§ **Brief**: Skip the pictures. Set down, word for word, the lines from the start of the material up to and including the line with "Fototapeta premium Simple".

§ **Supplied information**:
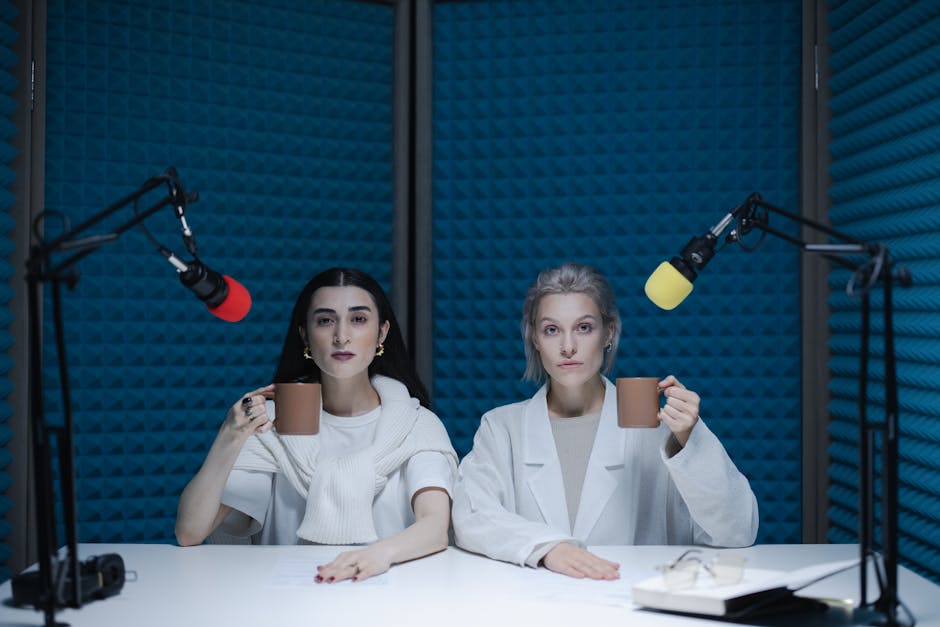 Two women in a soundproof podcast studio holding mugs next to microphones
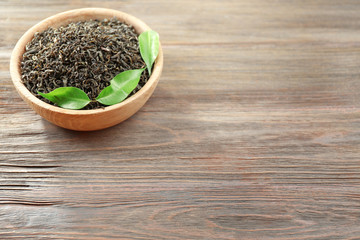 Dry tea with green leaves in bowl on wooden table background, copy space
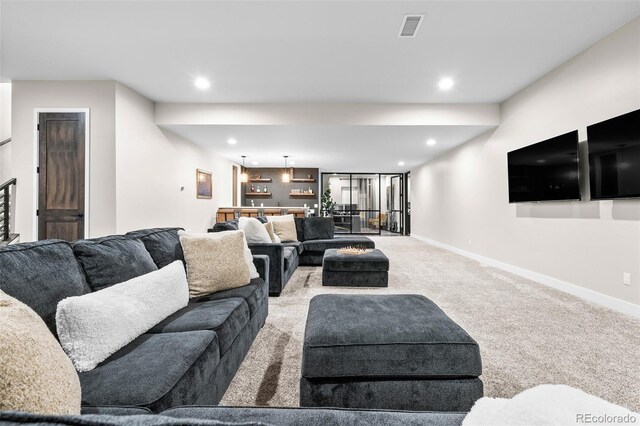 6589 Canyonpoint Rd, Castle Pines, CO 80108 - living room with recessed lighting, carpet, visible vents, indoor bar, and baseboards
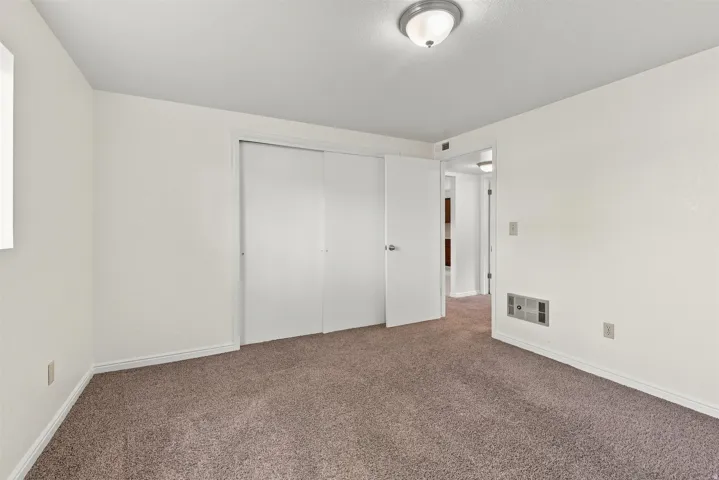 Carpeted interior room with white walls, a sliding door closet, and a semi-flush ceiling light fixture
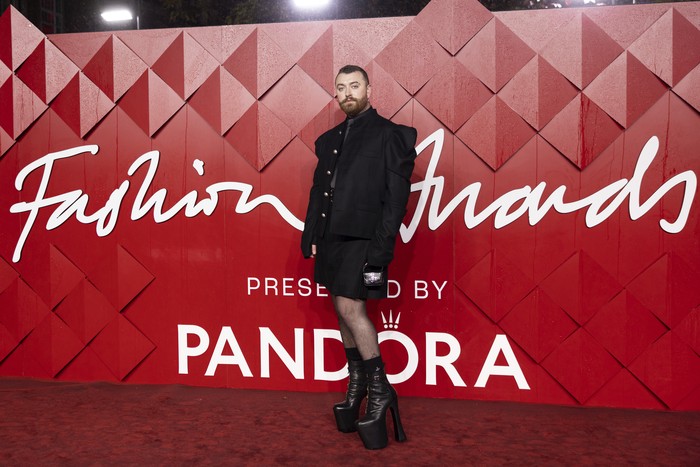 Sam Smith poses for photographers upon arrival at the British Fashion Awards on Monday, Dec. 4, 2023 in London. (Vianney Le Caer/Invision/AP)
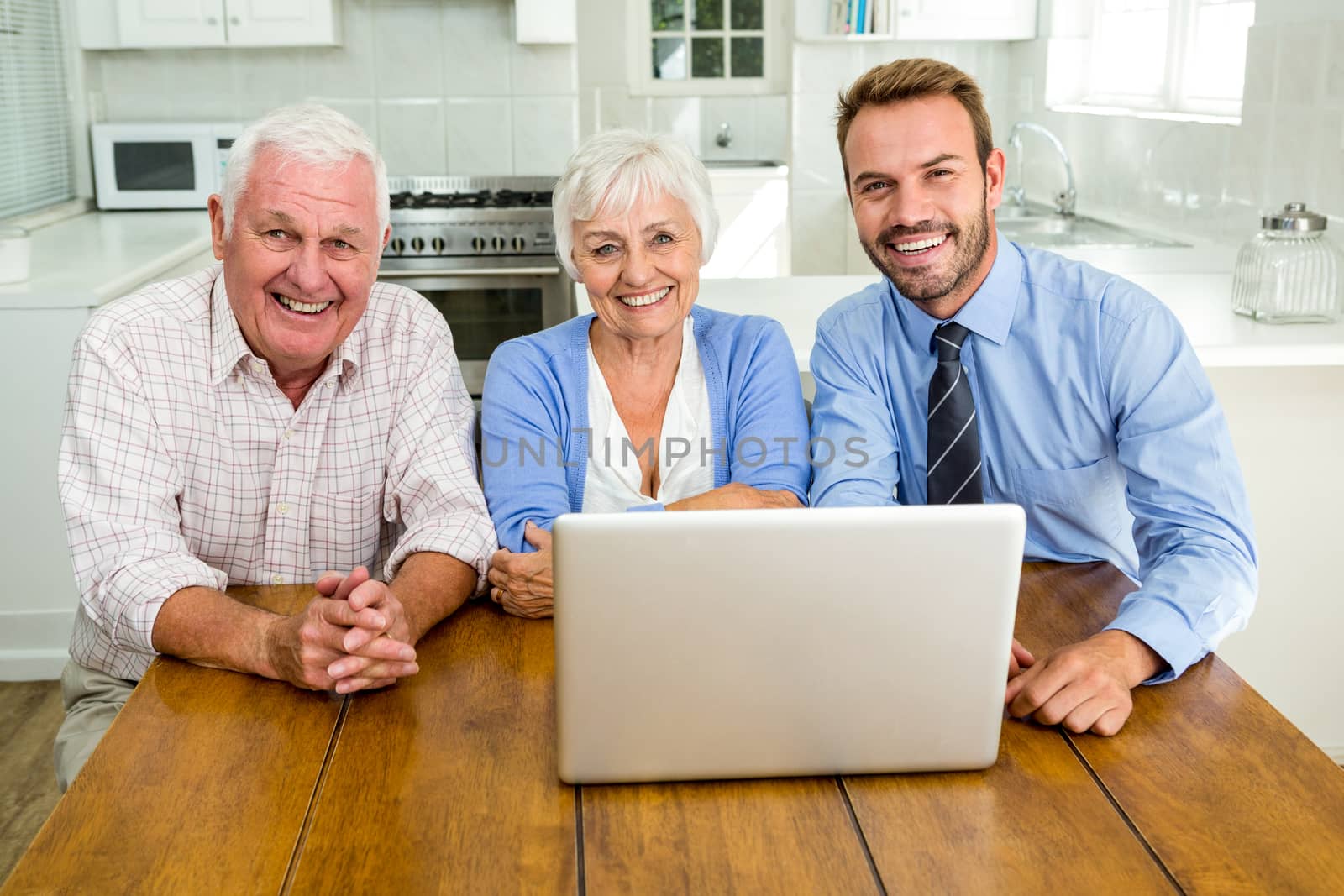 Portrait smiling senior couple sitting with agent at home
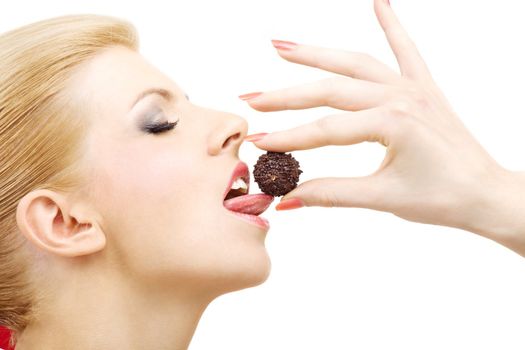 picture of lovely blonde eating chocolate candy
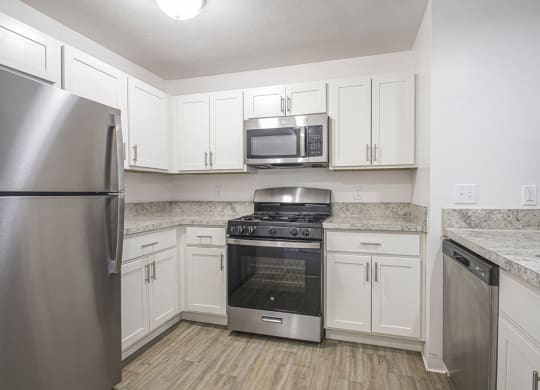 a kitchen with stainless steel appliances and white cabinets at North Pointe Apartments in Elkhart, IN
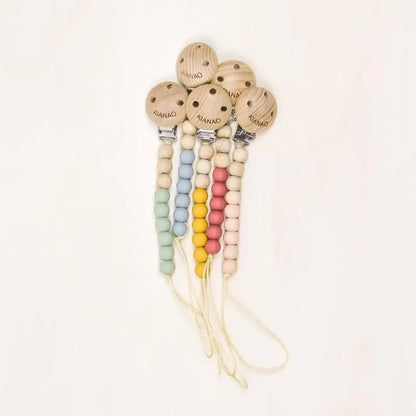 set of wooden and silicone pacifier clips with cookie-shaped charm in five different colors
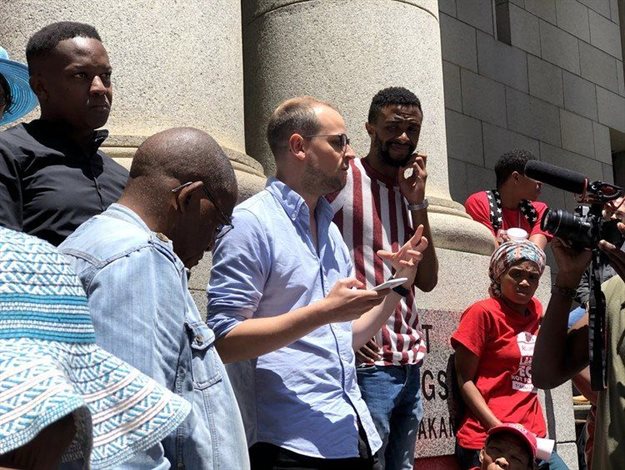 Michael Clarke, researcher for housing activist organisation Ndifuna Ukwazi, explains to supporters what has been happening inside court during Monday’s lunch break. Photo: Madison Yauger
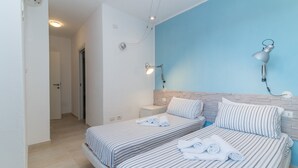 Une chambre d’hôtel avec deux lits, un mur d’accent bleu, une lampe moderne et un appareil de climatisation fixé au plafond.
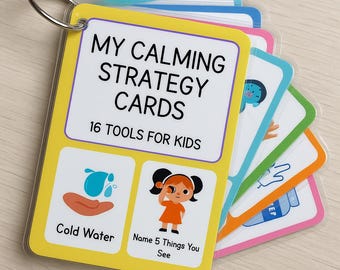 May include: A set of "My Calming Strategy Cards" for kids, held together by a metal ring. The yellow front card reads "My Calming Strategy Cards" and "16 Tools for Kids." The cards feature illustrations and prompts like "Cold Water" and "Name 5 Things You See."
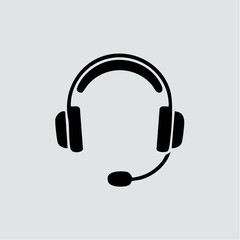 Fototapeta premium Simple black headset icon on a gray background.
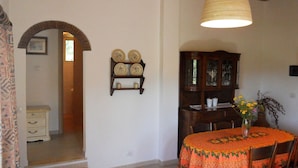 A dining area with a table covered in a patterned tablecloth, a vase with flowers, and a wooden cabinet with glass doors.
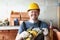 Happy carpenter worker with professional sander machine get ready to work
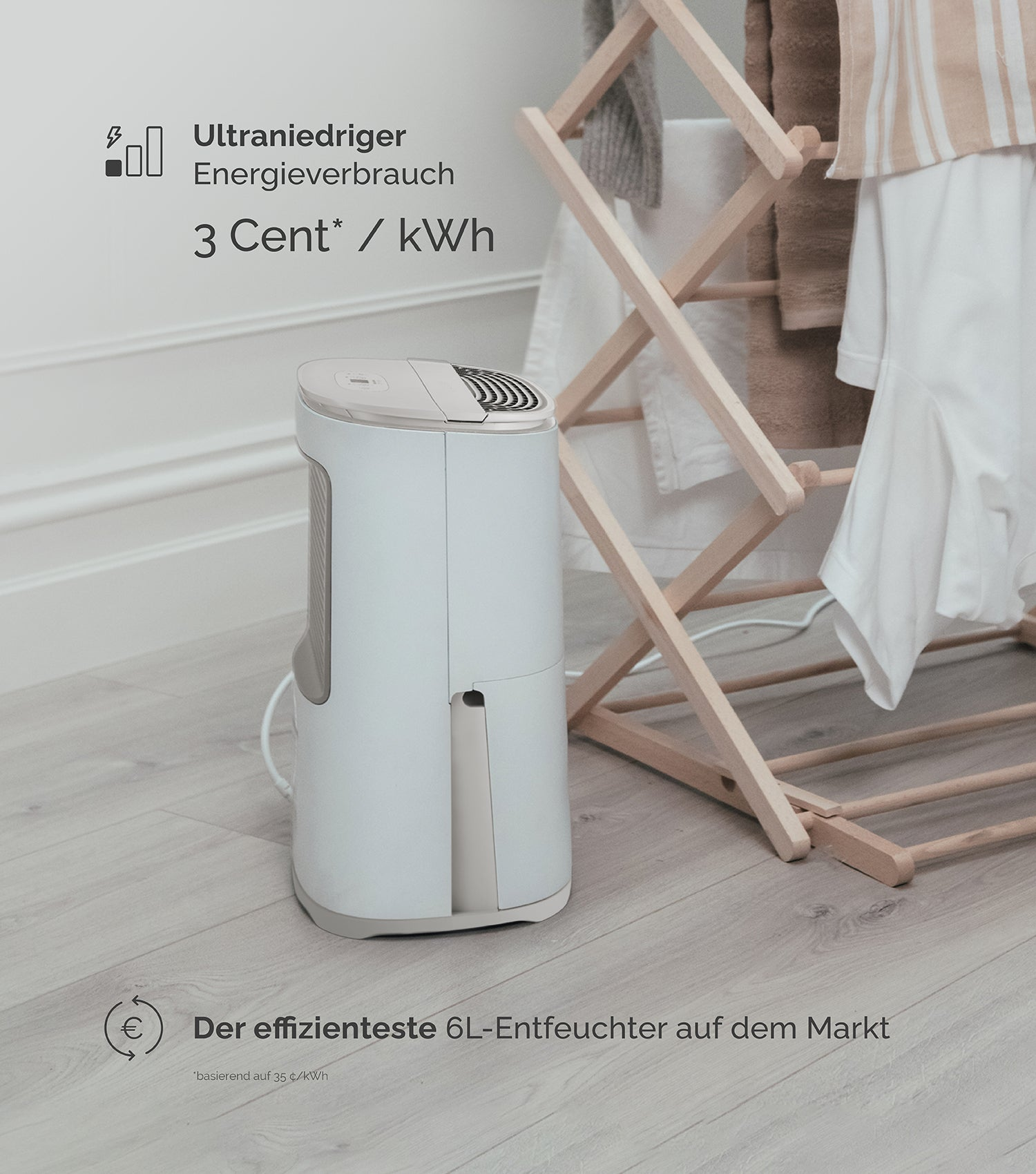 Ein weißer Luftentfeuchter steht neben einem Holz-Wäscheständer mit Handtüchern.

§ **Written response**:
 Two women in a soundproof podcast studio holding mugs next to microphones
 Dry tea with green leaves in bowl on wooden table background, copy space
 6589 Canyonpoint Rd, Castle Pines, CO 80108 - living room with recessed lighting, carpet, visible vents, indoor bar, and baseboards
 Carpeted interior room with white walls, a sliding door closet, and a semi-flush ceiling light fixture
 Sam Smith poses for photographers upon arrival at the British Fashion Awards on Monday, Dec. 4, 2023 in London. (Vianney Le Caer/Invision/AP)
 Portrait smiling senior couple sitting with agent at home
 picture of lovely blonde eating chocolate candy
 a kitchen with stainless steel appliances and white cabinets at North Pointe Apartments in Elkhart, IN
 set of wooden and silicone pacifier clips with cookie-shaped charm in five different colors
 Michael Clarke, researcher for housing activist organisation Ndifuna Ukwazi, explains to supporters what has been happening inside court during Monday’s lunch break. Photo: Madison Yauger
 Une chambre d’hôtel avec deux lits, un mur d’accent bleu, une lampe moderne et un appareil de climatisation fixé au plafond.
 May include: A set of "My Calming Strategy Cards" for kids, held together by a metal ring. The yellow front card reads "My Calming Strategy Cards" and "16 Tools for Kids." The cards feature illustrations and prompts like "Cold Water" and "Name 5 Things You See."
 Fototapeta premium Simple black headset icon on a gray background.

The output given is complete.